What else? Samurai need not be celibate, but they must be chaste, and may only marry other samurai; so if a female or male samurai falls in love with a non-samurai they must leave the order. Otherwise this reiterated stress on self-discipline, cold showers and no grubby beards for the men (‘the samurai must bathe in cold water, and the men must shave every day’) can hardly help but strike the modern reader as the very acme of the earnest socialist faux-ascetic lentil-eating fell-walking cliché. Presumably, it didn't strike contemporaries that way. Indeed the evidence on the latter point all runs the other way. Wells was upfront that he styled the samuari order in part to flatter his fellow Fabians, who liked to fantasise that they could becomes the timoniers of the future socialist world-state. When Beatrice Webb thanked him for giving her a copy of the book, he replied (she noted this in her diary): ‘the chapters on the Samurai will pander to all your worse instincts!’ Another Fabian, Sydney Olivier, reviewed the book gushingly in Fabian News, and also wrote to Wells privately ‘I recognise your trumpeting Angel of the Samurai as my desire for the League of Sane Men’. This ruling elite who, the book says, ‘look like Knights Templars, who bear a name that recalls the swordsmen of Japan’ are, to quote the Independent Review [October 1905] ‘in fact, the Platonic “guardians” born again into an age of electricity and statistics’. The frontispiece to the first edition, by Edmund J Sullivan, illustrates a representative member of ‘the Order of the Samurai’ haughtily spurning various allegorical dangers and temptations.
The judgement that this representation misses heroic dignity by a country mile and lands squarely on the ludicrousness of ill-judged cosplay belongs, of course, in the eye of the beholder.

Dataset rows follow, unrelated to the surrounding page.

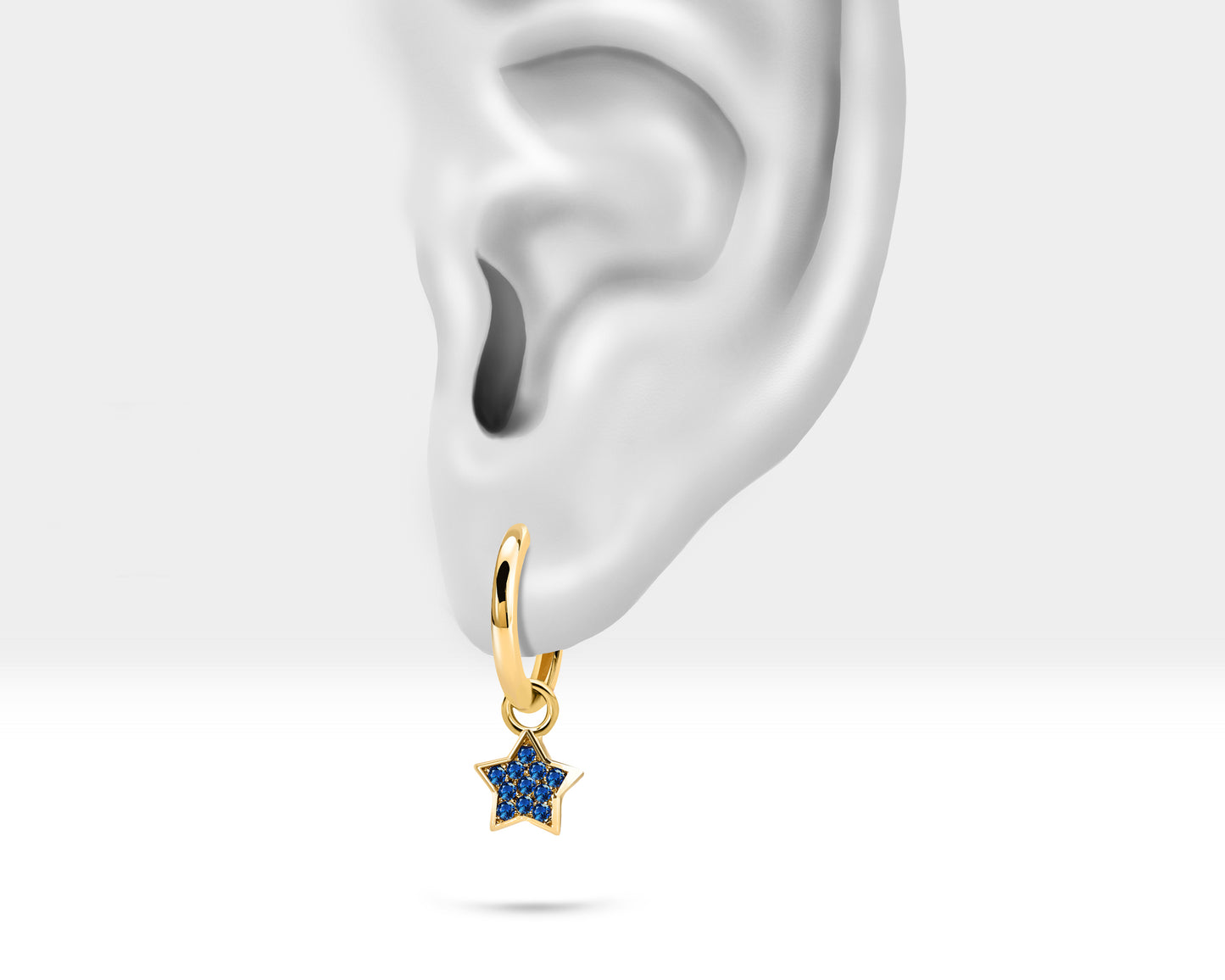 Çift Taraflı Yıldız Sallantılı Küpe, 14 MM , 14K Sarı-Beyaz-Kırmızı Altın | LE00059DS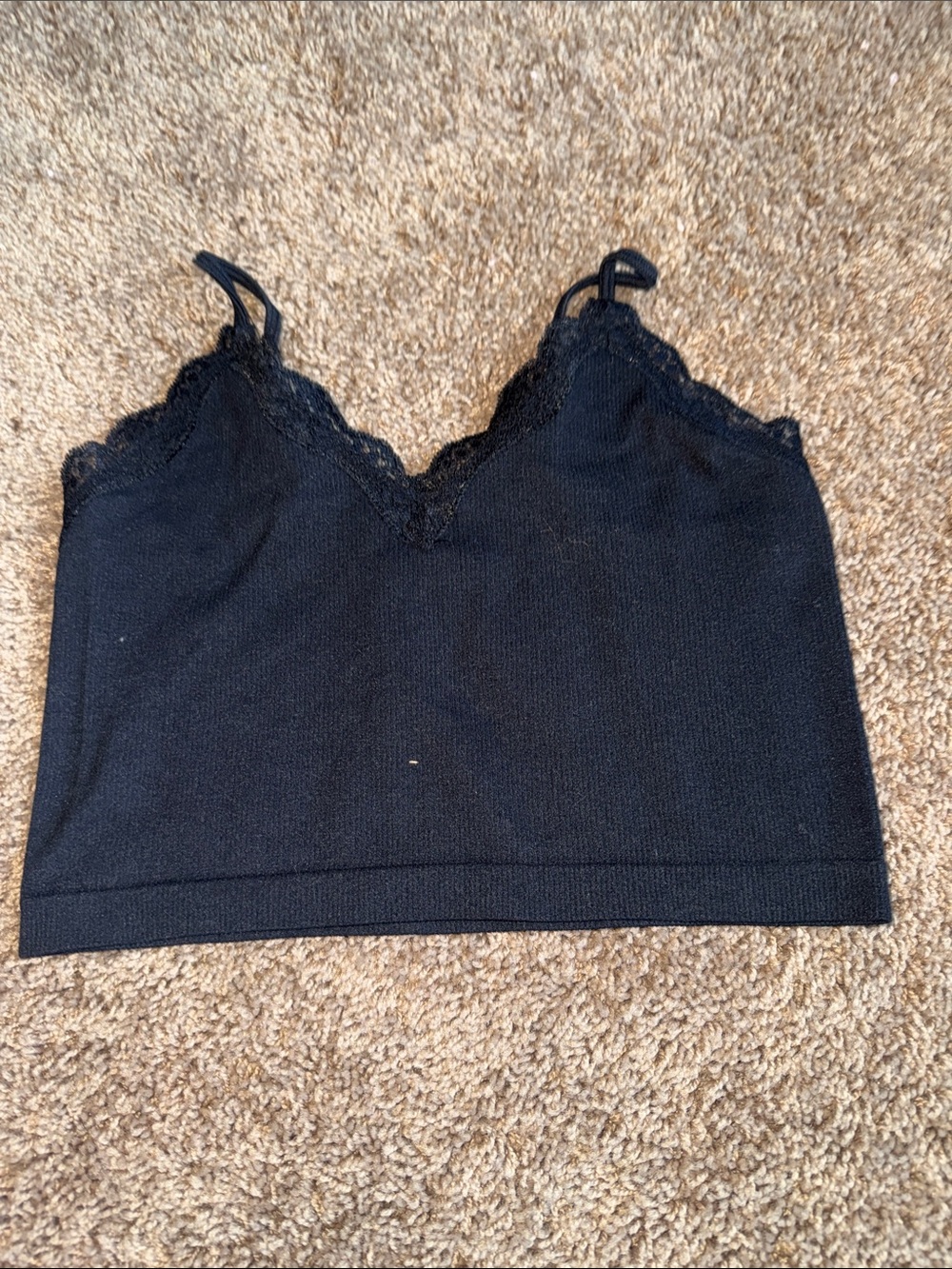 Wild fable black ribbed tank top with lace fetail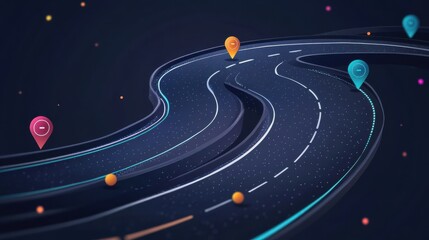 Poster - Abstract Winding Road with Colorful Location Pins on Dark Background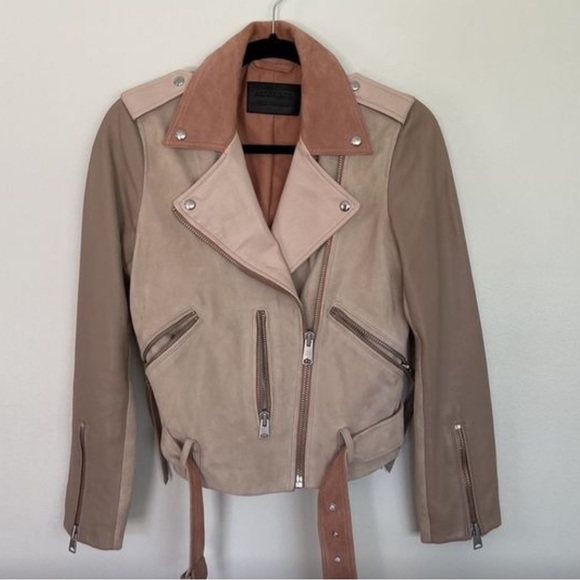 All Saints Pink Balfern Suede & Leather Biker Jacket - Size 4 - Picture 6 of 14
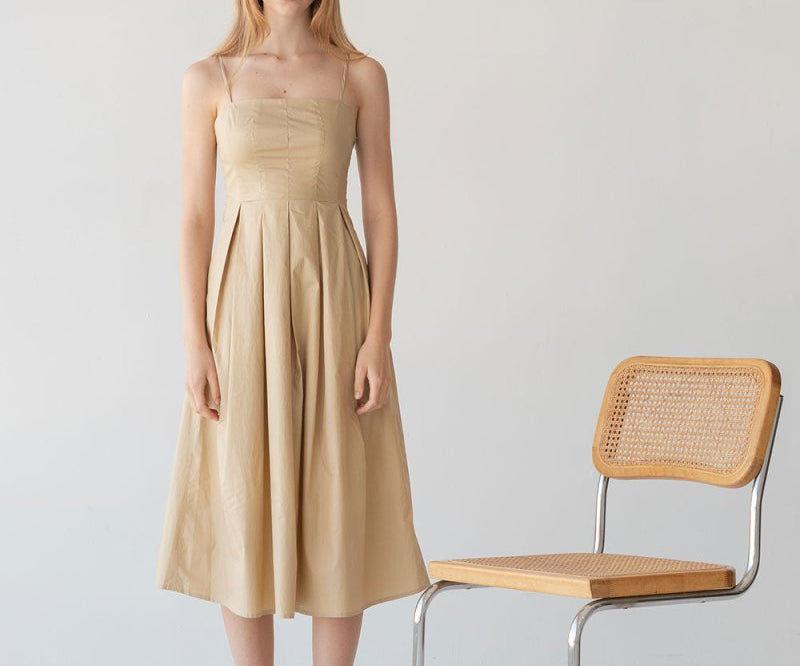 Picnic Fit and Flare Dress in Warm Sand - Esse-XXS--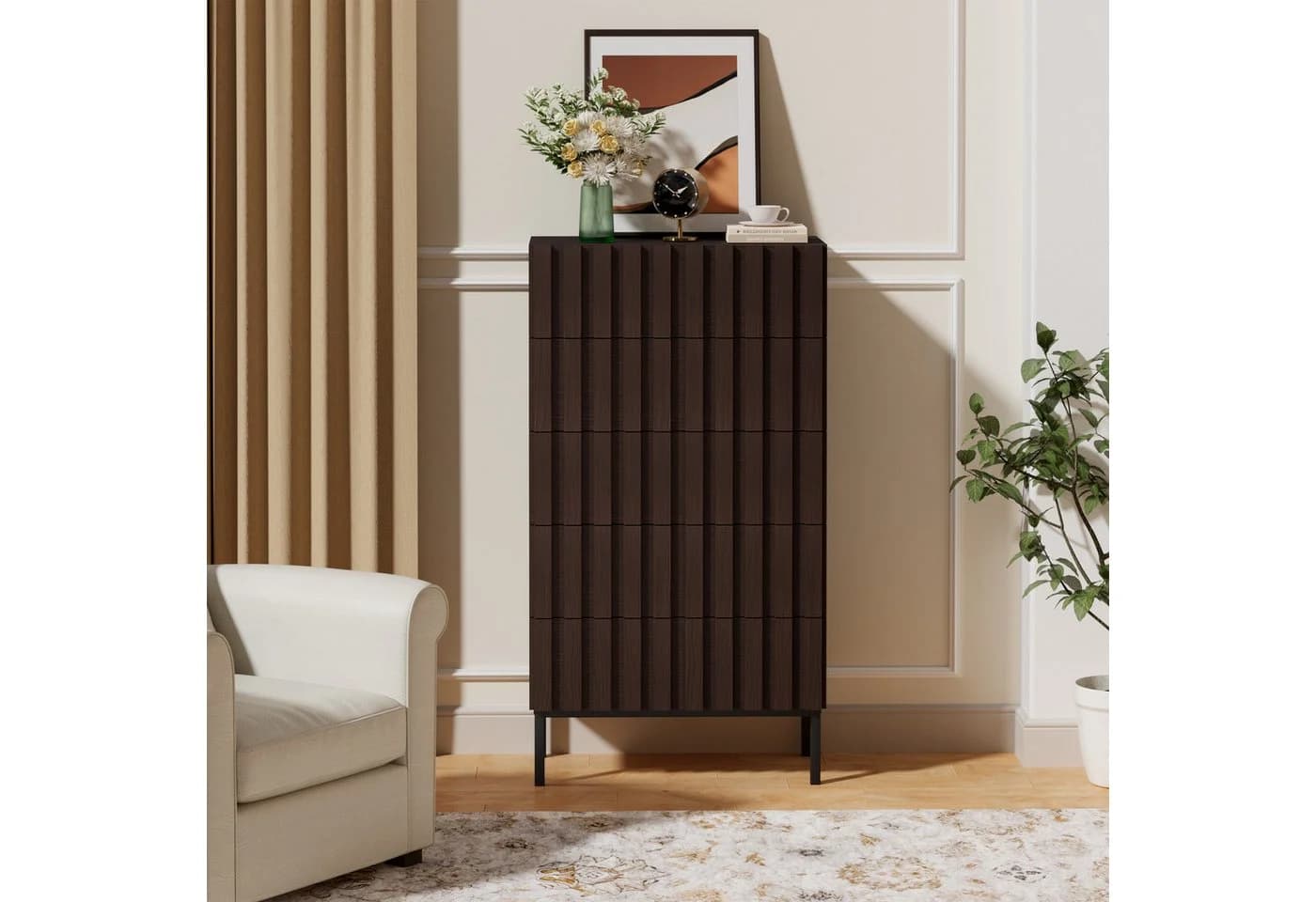 UEV Kommode mit 5 Schubladen schmal, Sideboard mit Lamellen 60 x 34 x 110cm - Bild 3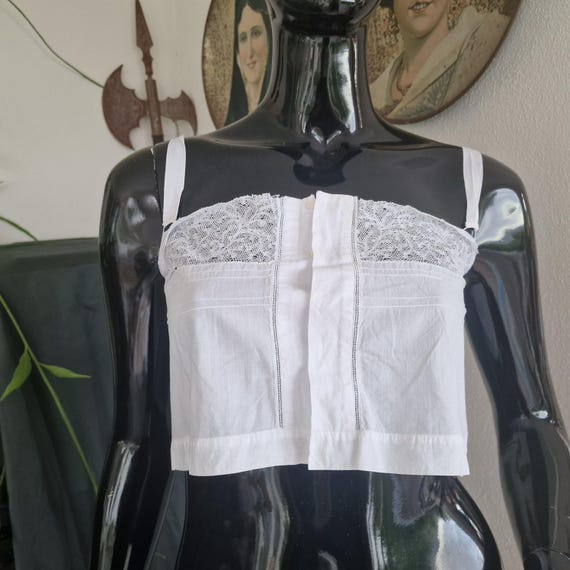 Cubre Corsé Antiguo Eduardiano 1910s, Corpiño Lencería de Algodón Batista y Encaje Artesanal, Top Vintage de Colección Talla XXS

I'll come back to the samurai in a bit, and in particular to the extent to which Wells addresses the very manifest dangers of concentrating so much power in such an elite (‘all political power vests in the samurai: not only are they the only administrators, lawyers, practising doctors, and public officials of almost all kinds, but they are the only voters’) with only the scantiest of checks and balances. Anyone who breaks the samurai's code is expelled, but expelled (of course) by the samurai. Likewise we're told that ‘every ruler and official is put on his trial every three years’, which sounds like a good idea; until we discover that this trial happens before a jury drawn ‘either from the samurai of his municipal area or from the general catalogue of the samurai’. Which is as if to say: your world will vest supreme political power in the SS, but don't worry! Every three years the SS will decide whether the SS is doing a good job!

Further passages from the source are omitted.